L’Organo a canne, come qualsiasi strumento musicale, adempie a una funzione socio-antropologica ben precisa:
“delectare” vel “instruere” e nel senso più propriamente liturgico esercitare un
“ministerium vel servitium religionis, quae graece liturgia vel latria dicitur”(1).
“Allo scopo di favorire l’iniziazione liturgica e l’attuazione pastorale della Liturgia, si istituiscano commissioni liturgiche diocesane o interdiocesane, composte da specialisti di Liturgia, musica, arte sacra, ecc.; potranno far parte anche laici competenti”.
“La celebrazione liturgica dovrà presentare tutte le caratteristiche adeguate a una dignitosa esecuzione”(2).
Si può affermare perciò che l’azione del Concilio Vaticano II ha impresso un cambiamento radicale all’indirizzo liturgico seguito nel corso dei secoli passati.

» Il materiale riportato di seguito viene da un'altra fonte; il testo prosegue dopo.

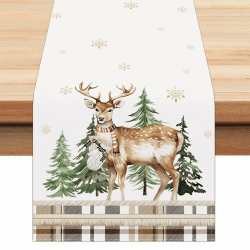 Bonhause Tischläufer Winterwald-Hirsch, Tischläufer Wintertier Elch Küche Esstisch Dekoration für Drinnen Draußen Urlaub Party Waschbar Wohnkultur Tafeltuch (33 x 183 cm)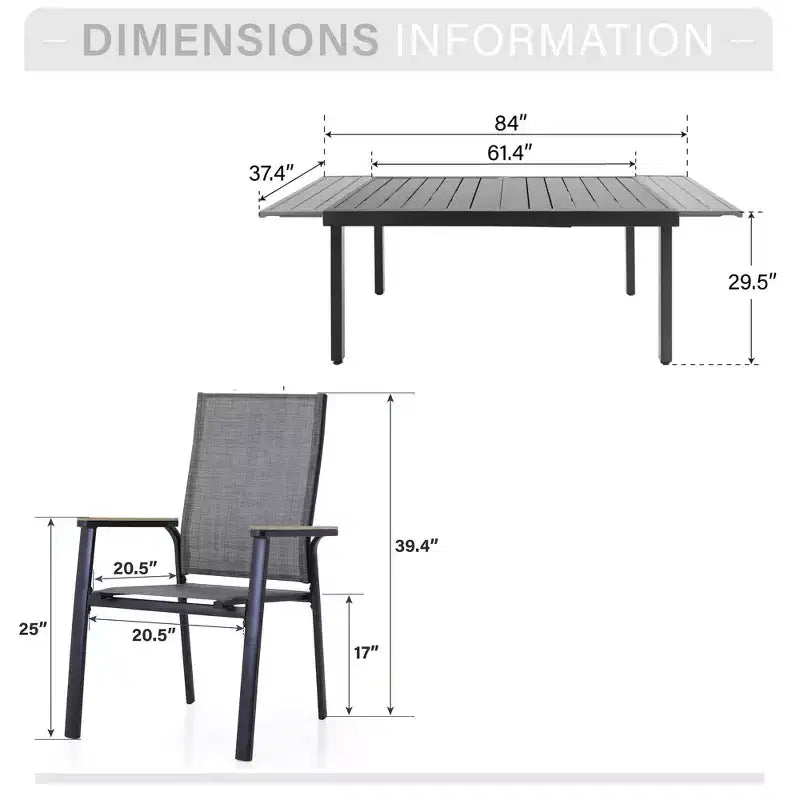 Captiva Designs, table de salle à manger rectangulaire 7 pièces en lattes et chaises en textilène avec accoudoirs imitation bois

La Liturgia dopo il Concilio è divenuta più sobria e più breve, guadagnando in espressività. Il Concilio Vaticano II ha propugnato una vera e propria riforma liturgica che ha rappresentato in questi quarant’anni un motivo di grande speranza. L’ermeneutica liturgica, di conseguenza, specialmente nel canto biblico, ha dettato le regole per scoprire il senso o la funzione liturgica che i testi biblici rivestono nell’ambito della celebrazione; ha indicato non solo il modo con cui vengono utilizzati, ma anche la loro composizione e la loro esecuzione musicale. Da ciò scaturisce la funzione dell’Organo a canne nella liturgia riformata: “Aggiungere mirabile splendore alle cerimonie della Chiesa ed elevare potentemente gli animi a Dio e alle realtà supreme” (3).
Tale ruolo dell’Organo deve coniugarsi necessariamente con la formazione e la funzione dell’organista: “elevare gli animi” grazie alla musica, divenendo perciò interprete competente, operatore culturale, “ministro” che attraverso la musica introduce al mistero del sacro.